* What is expected *
Copy all records verbatim, images excluded.

* Information given *
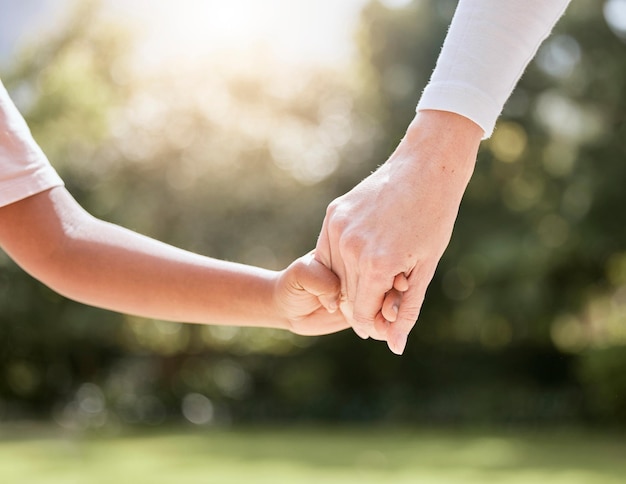 Park family and parent holding hands with child enjoying nature summer holiday and weekend together Bonding support and person holding hand of young kid with affection love and care in nature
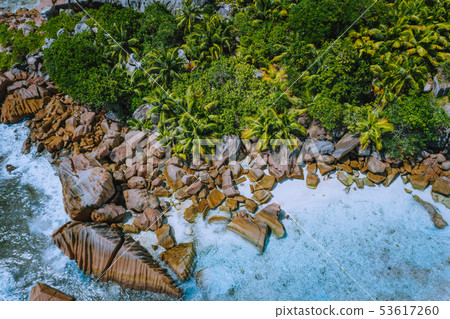 Aerial drone photo of stony boulders of beautiful Anse Cocos beach at La Digue, Seychelles Aerial drone photo of stony boulders of beautiful Anse Cocos beach at La Digue, Seychelles 53617260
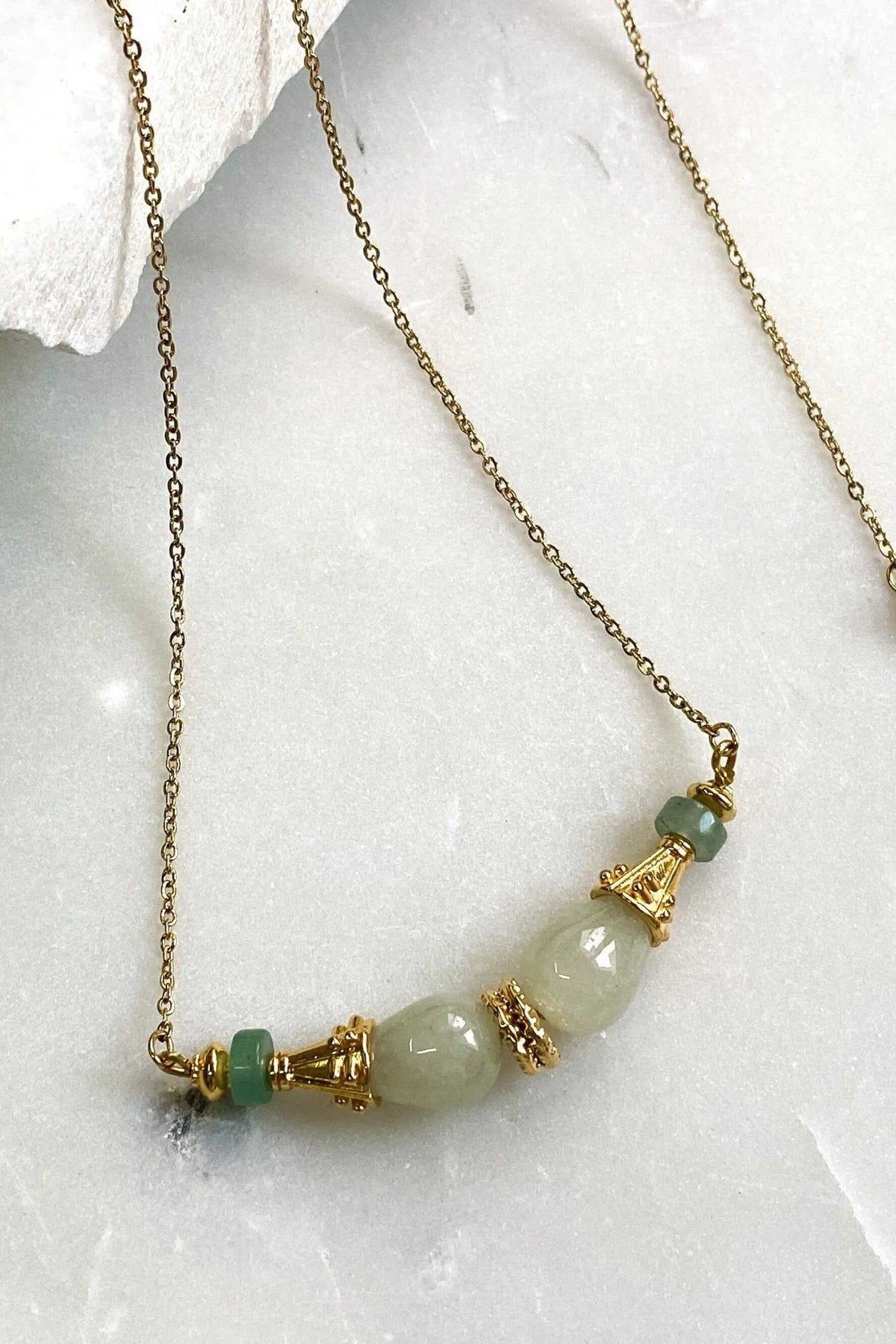 EUPHORIA Gemstone Necklace with a gold-tone chain and pale green polished stone beads, gold-tone spacers and a green accent bead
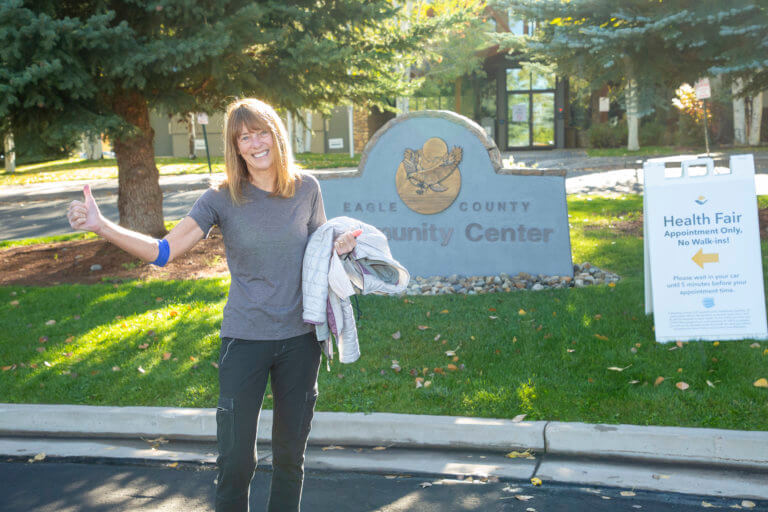 Woman giving thumbs up outside the health fair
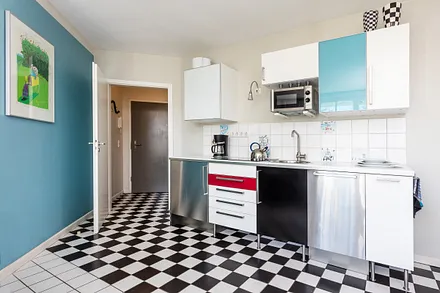 Die Küchenzeile im Wohnzimmer mit Geschirrspüler und Mikrowelle.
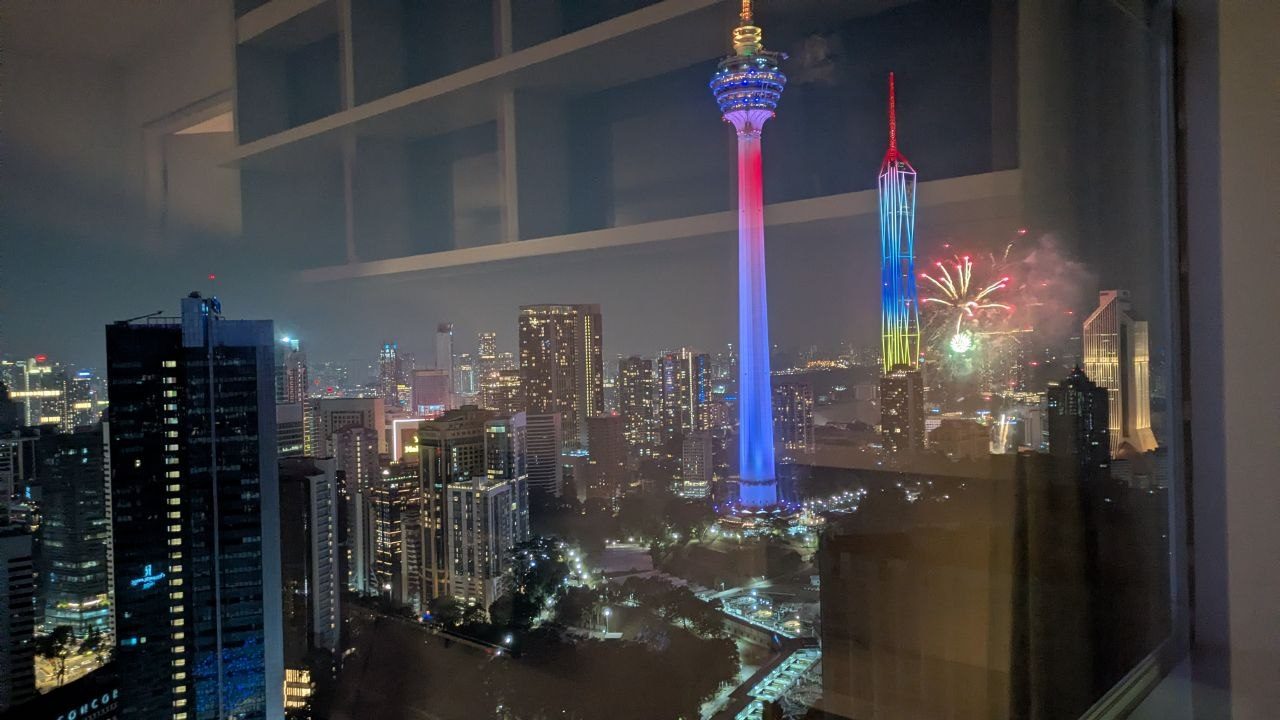 Night view over Kuala Lumpur: the telecoms tower lit in red, white and blue, Merdeka 118 to its right in blue, yellow and red, fireworks above.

* Response area *
 Park family and parent holding hands with child enjoying nature summer holiday and weekend together Bonding support and person holding hand of young kid with affection love and care in nature
 Aerial drone photo of stony boulders of beautiful Anse Cocos beach at La Digue, Seychelles Aerial drone photo of stony boulders of beautiful Anse Cocos beach at La Digue, Seychelles 53617260
 EUPHORIA Gemstone Necklace with a gold-tone chain and pale green polished stone beads, gold-tone spacers and a green accent bead
 Woman giving thumbs up outside the health fair
 Die Küchenzeile im Wohnzimmer mit Geschirrspüler und Mikrowelle.
 Night view over Kuala Lumpur: the telecoms tower lit in red, white and blue, Merdeka 118 to its right in blue, yellow and red, fireworks above.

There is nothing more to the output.